• Goal of the exercise
When responding, copy every record below exactly as it appears.

• Raw data
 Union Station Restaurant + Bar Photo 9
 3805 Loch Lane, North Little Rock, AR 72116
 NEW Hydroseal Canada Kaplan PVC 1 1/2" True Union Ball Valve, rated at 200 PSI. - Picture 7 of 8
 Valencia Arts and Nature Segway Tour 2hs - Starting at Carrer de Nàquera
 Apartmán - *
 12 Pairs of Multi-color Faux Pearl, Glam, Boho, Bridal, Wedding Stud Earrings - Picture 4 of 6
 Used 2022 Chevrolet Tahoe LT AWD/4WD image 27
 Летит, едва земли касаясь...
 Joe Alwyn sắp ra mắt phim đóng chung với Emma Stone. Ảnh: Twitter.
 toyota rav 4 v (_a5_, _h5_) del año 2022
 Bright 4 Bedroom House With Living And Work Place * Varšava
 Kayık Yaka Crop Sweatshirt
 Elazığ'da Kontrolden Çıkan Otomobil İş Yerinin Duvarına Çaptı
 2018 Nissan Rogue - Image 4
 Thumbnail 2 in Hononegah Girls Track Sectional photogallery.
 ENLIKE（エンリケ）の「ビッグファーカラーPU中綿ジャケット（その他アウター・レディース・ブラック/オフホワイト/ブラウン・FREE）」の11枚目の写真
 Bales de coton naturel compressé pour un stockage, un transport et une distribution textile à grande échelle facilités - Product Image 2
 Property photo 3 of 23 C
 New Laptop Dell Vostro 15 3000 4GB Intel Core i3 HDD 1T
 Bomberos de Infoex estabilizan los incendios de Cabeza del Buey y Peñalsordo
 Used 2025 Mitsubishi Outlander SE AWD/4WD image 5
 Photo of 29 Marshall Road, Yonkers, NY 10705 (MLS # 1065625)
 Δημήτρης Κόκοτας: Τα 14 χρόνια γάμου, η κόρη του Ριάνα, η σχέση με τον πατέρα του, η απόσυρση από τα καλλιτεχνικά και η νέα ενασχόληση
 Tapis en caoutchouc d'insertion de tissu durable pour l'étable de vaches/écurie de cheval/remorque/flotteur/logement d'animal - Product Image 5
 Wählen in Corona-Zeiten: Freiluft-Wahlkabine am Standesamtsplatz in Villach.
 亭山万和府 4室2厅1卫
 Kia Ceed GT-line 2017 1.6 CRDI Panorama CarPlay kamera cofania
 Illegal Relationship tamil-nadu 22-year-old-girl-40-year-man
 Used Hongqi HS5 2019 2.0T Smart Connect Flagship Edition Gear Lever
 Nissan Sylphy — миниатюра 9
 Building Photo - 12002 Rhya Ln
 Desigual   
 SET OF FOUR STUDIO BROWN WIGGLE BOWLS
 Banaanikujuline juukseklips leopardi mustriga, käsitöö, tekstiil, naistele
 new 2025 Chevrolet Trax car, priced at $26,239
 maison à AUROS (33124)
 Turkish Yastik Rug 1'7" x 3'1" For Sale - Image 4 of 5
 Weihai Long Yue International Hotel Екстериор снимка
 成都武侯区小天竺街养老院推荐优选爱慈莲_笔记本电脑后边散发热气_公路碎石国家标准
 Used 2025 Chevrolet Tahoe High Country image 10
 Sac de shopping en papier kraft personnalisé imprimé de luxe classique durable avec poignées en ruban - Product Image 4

• The answer
 Union Station Restaurant + Bar Photo 9
 3805 Loch Lane, North Little Rock, AR 72116
 NEW Hydroseal Canada Kaplan PVC 1 1/2" True Union Ball Valve, rated at 200 PSI. - Picture 7 of 8
 Valencia Arts and Nature Segway Tour 2hs - Starting at Carrer de Nàquera
 Apartmán - *
 12 Pairs of Multi-color Faux Pearl, Glam, Boho, Bridal, Wedding Stud Earrings - Picture 4 of 6
 Used 2022 Chevrolet Tahoe LT AWD/4WD image 27
 Летит, едва земли касаясь...
 Joe Alwyn sắp ra mắt phim đóng chung với Emma Stone. Ảnh: Twitter.
 toyota rav 4 v (_a5_, _h5_) del año 2022
 Bright 4 Bedroom House With Living And Work Place * Varšava
 Kayık Yaka Crop Sweatshirt
 Elazığ'da Kontrolden Çıkan Otomobil İş Yerinin Duvarına Çaptı
 2018 Nissan Rogue - Image 4
 Thumbnail 2 in Hononegah Girls Track Sectional photogallery.
 ENLIKE（エンリケ）の「ビッグファーカラーPU中綿ジャケット（その他アウター・レディース・ブラック/オフホワイト/ブラウン・FREE）」の11枚目の写真
 Bales de coton naturel compressé pour un stockage, un transport et une distribution textile à grande échelle facilités - Product Image 2
 Property photo 3 of 23 C
 New Laptop Dell Vostro 15 3000 4GB Intel Core i3 HDD 1T
 Bomberos de Infoex estabilizan los incendios de Cabeza del Buey y Peñalsordo
 Used 2025 Mitsubishi Outlander SE AWD/4WD image 5
 Photo of 29 Marshall Road, Yonkers, NY 10705 (MLS # 1065625)
 Δημήτρης Κόκοτας: Τα 14 χρόνια γάμου, η κόρη του Ριάνα, η σχέση με τον πατέρα του, η απόσυρση από τα καλλιτεχνικά και η νέα ενασχόληση
 Tapis en caoutchouc d'insertion de tissu durable pour l'étable de vaches/écurie de cheval/remorque/flotteur/logement d'animal - Product Image 5
 Wählen in Corona-Zeiten: Freiluft-Wahlkabine am Standesamtsplatz in Villach.
 亭山万和府 4室2厅1卫
 Kia Ceed GT-line 2017 1.6 CRDI Panorama CarPlay kamera cofania
 Illegal Relationship tamil-nadu 22-year-old-girl-40-year-man
 Used Hongqi HS5 2019 2.0T Smart Connect Flagship Edition Gear Lever
 Nissan Sylphy — миниатюра 9
 Building Photo - 12002 Rhya Ln
 Desigual   
 SET OF FOUR STUDIO BROWN WIGGLE BOWLS
 Banaanikujuline juukseklips leopardi mustriga, käsitöö, tekstiil, naistele
 new 2025 Chevrolet Trax car, priced at $26,239
 maison à AUROS (33124)
 Turkish Yastik Rug 1'7" x 3'1" For Sale - Image 4 of 5
 Weihai Long Yue International Hotel Екстериор снимка
 成都武侯区小天竺街养老院推荐优选爱慈莲_笔记本电脑后边散发热气_公路碎石国家标准
 Used 2025 Chevrolet Tahoe High Country image 10
 Sac de shopping en papier kraft personnalisé imprimé de luxe classique durable avec poignées en ruban - Product Image 4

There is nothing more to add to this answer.